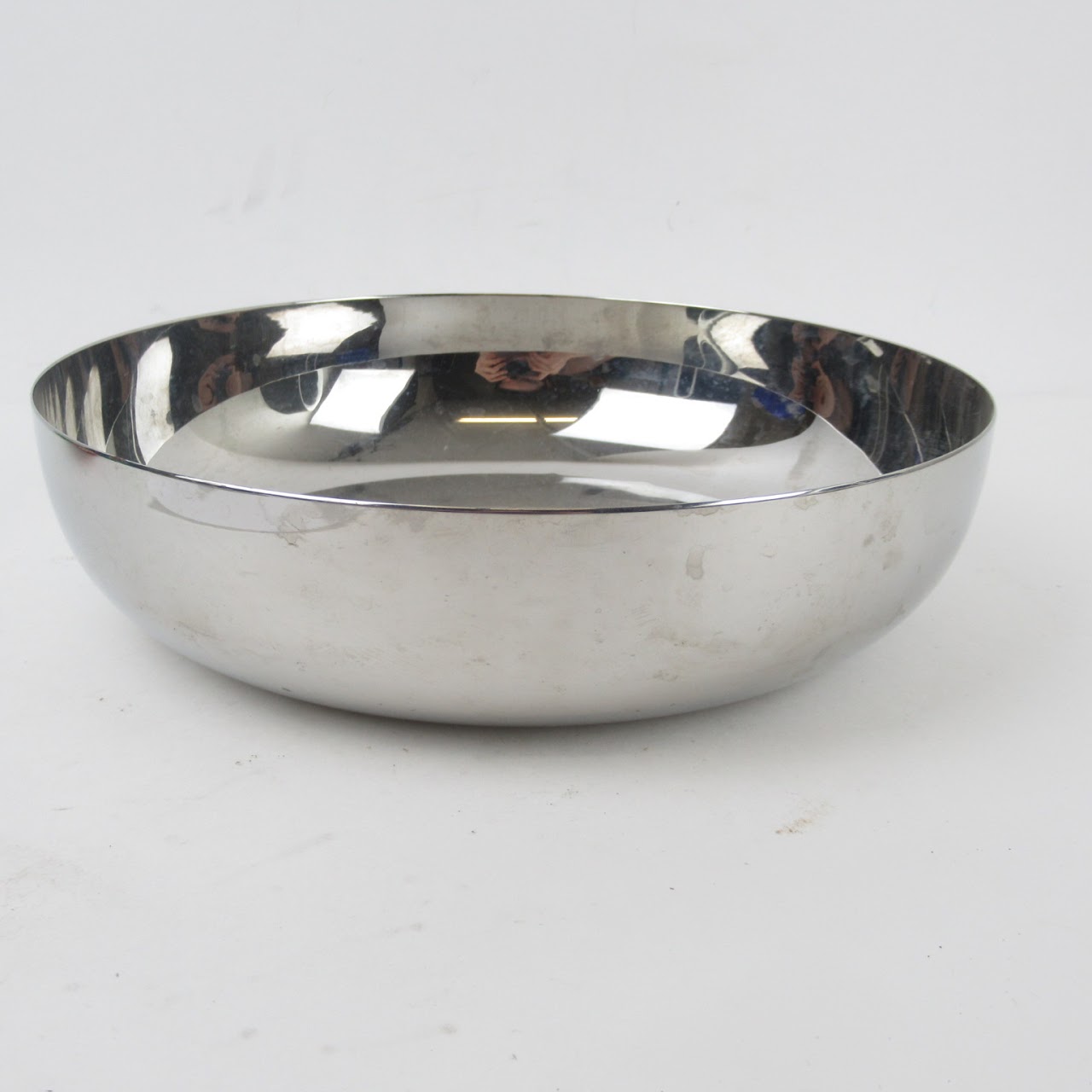 Alessi Jasper Morrison 9.5" Bowl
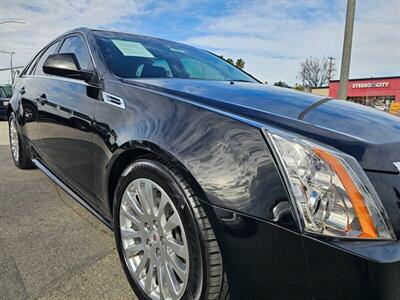 2010 Cadillac CTS 3.6L Premium   - Photo 10 - Ontario, CA 91761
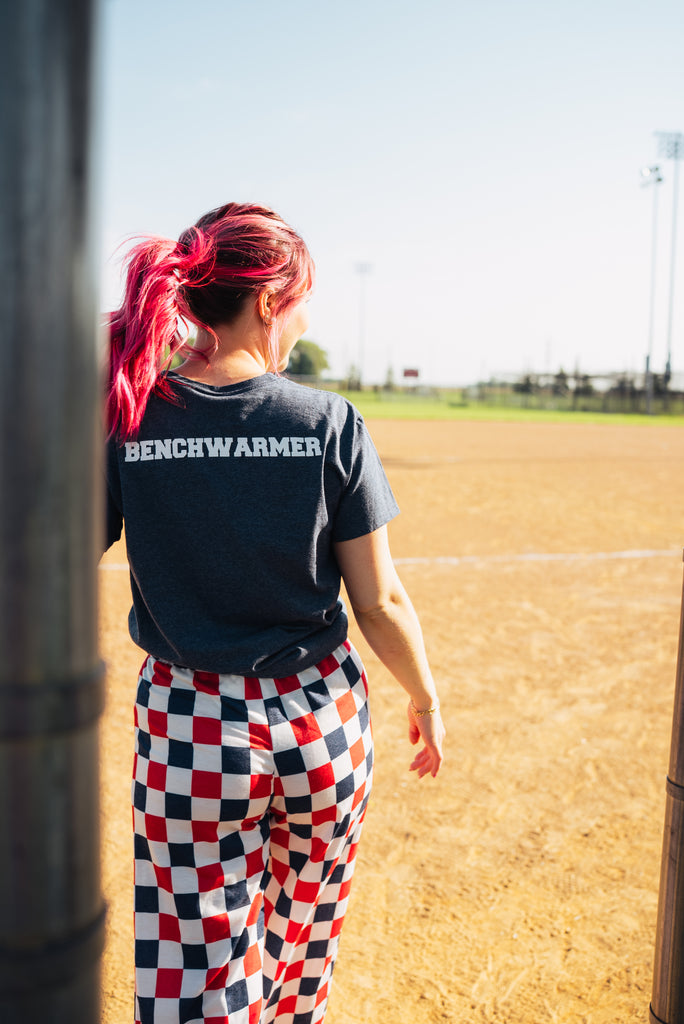 omaha benchwarmer tee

§

Task to complete:
Word-for-word repeat, images excluded: return all the data.

Answer section:
 Alessi Jasper Morrison 9.5" Bowl
 2010 Cadillac CTS 3.6L Premium   - Photo 10 - Ontario, CA 91761
 omaha benchwarmer tee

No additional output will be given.